* TASK DESCRIPTION *
Copy the material below verbatim from the line with "Apartments with Garden" to the line with "Figure 6: Top: Synthetic", both lines included, omitting pictures and every line outside that range.

* THE DATA *
####################
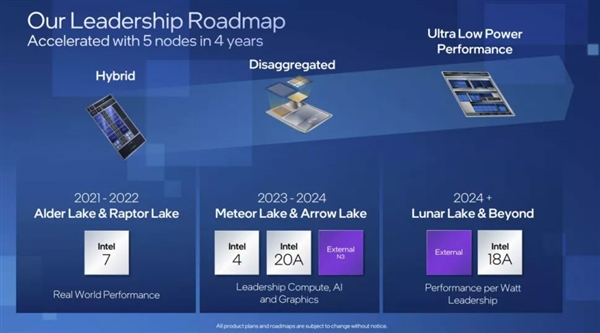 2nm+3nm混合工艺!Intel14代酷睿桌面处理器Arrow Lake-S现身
####################
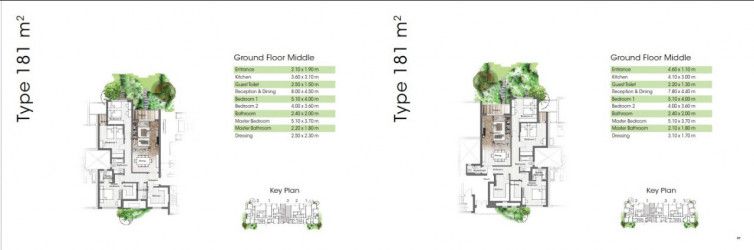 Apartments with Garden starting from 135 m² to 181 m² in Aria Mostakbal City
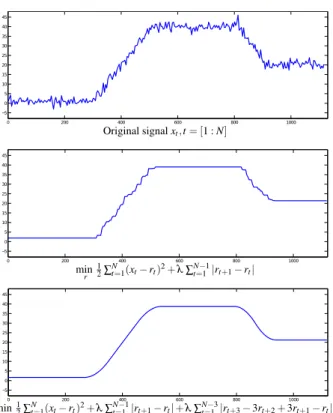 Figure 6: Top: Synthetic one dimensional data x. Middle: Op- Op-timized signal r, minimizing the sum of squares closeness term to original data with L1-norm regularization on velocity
####################
* TASK OUTPUT *
 Apartments with Garden starting from 135 m² to 181 m² in Aria Mostakbal City
 Figure 6: Top: Synthetic one dimensional data x. Middle: Op- Op-timized signal r, minimizing the sum of squares closeness term to original data with L1-norm regularization on velocity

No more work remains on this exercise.